Tuesday, July 15, 2008

Running out of 4s

At the Times, Ken Belson on gas-station owners' makeshift digits:
... Vishal Nair, who runs the Lukoil station at Eighth Avenue and 13th Street in Greenwich Village, took another plastic number last week, turned it over and scribbled “4” on it with a black magic marker. The result was an obviously homemade “$4.47,” but it would have to do until he received the extra 4s he ordered months ago.

“Typically, we have a lot of 9s and 1s, and we had a shortage of 3s before we got a lot of 3s in,” Mr. Nair said.

The missing digits are an unanticipated barometer of how frequently prices are changing. The average price of regular gasoline in New York City has risen by 35 percent this year, forcing station managers to change their price displays almost every time they get a delivery, which can be daily at some stations.

Franchises often order numbers from their parent companies, though like independent station owners, they can buy directly from sign companies.
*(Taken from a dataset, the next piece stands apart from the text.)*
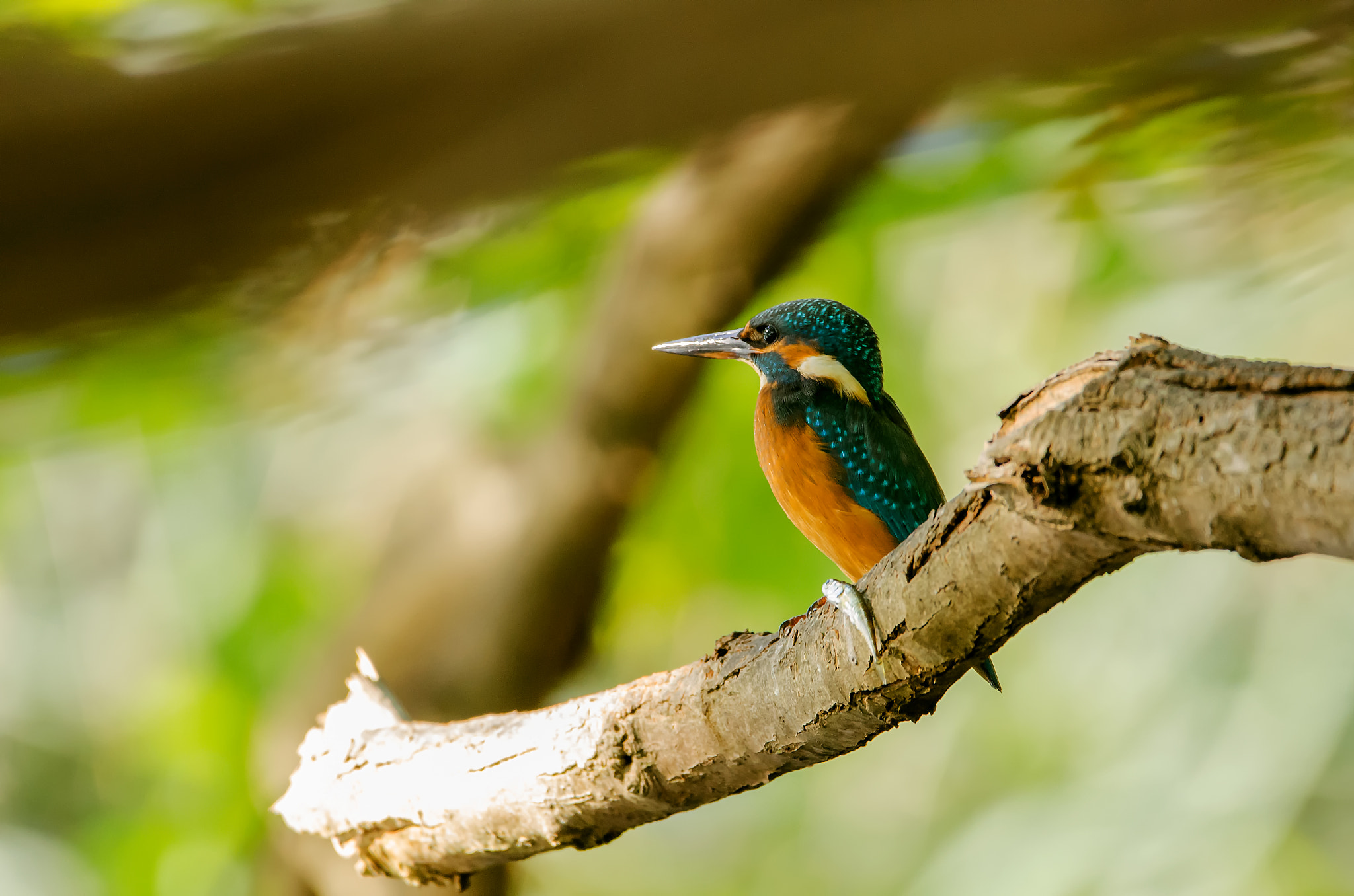 Sigma 150-600mm F5-6.3 DG OS HSM | C sample photo. Kingfisher photography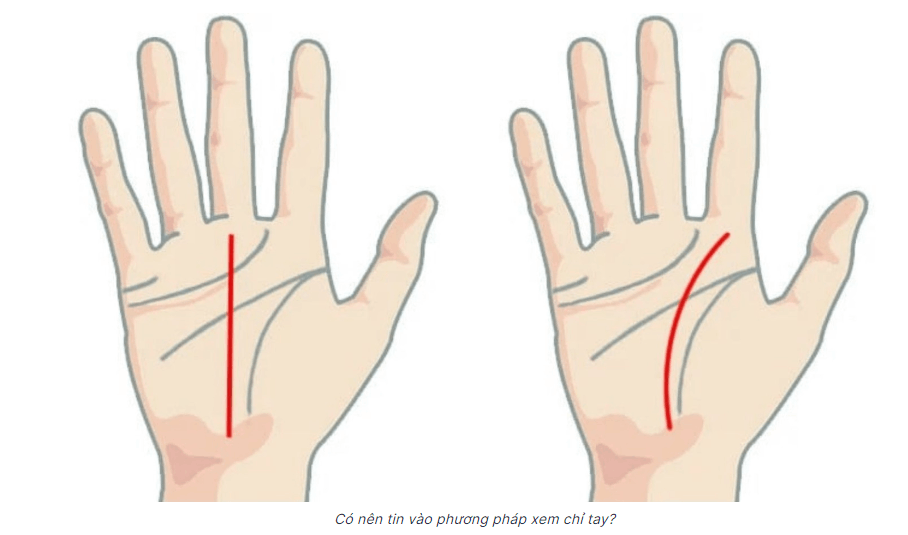 Xem chỉ tay là gì? Kết quả xem chỉ tay có đúng không?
Sets of 40 include equal numbers of each digit, which are magnetic or slip into plastic holders. Digits, which are often in a Helvetica font, are sold individually for as little as a $1.50. In New York, numbers must be 4.5 or 9 inches tall.

Snoopology

John Crace is in good form with the latest 'digested read'. It is easier to be heartless, perhaps, about nonfiction...

Monday, July 14, 2008

Steinbeckiana

Sean Wilsey's encounter with American velocity. A taste:
I drove 17 hours without a rest, crossing the Mason-Dixon line at 1 a.m., at the same time as an Amish buggy with reflective bands Velcroed around its horses’ ankles; a quick sleep in Harrisburg, PA, where, beside the banks of the Susquehanna River, hoping to remove the spring that had been boring into my pelvis, I disembowelled the bench seat with a pocket knife; past the Hershey chocolate factory, over towards the Jersey border; across the deep-carved bed of the Delaware River on a gleaming steel bridge, barely wide enough for the truck; another highway gash, and finally we saw the New York skyline. My dog said: ‘Wroarowlwolf!’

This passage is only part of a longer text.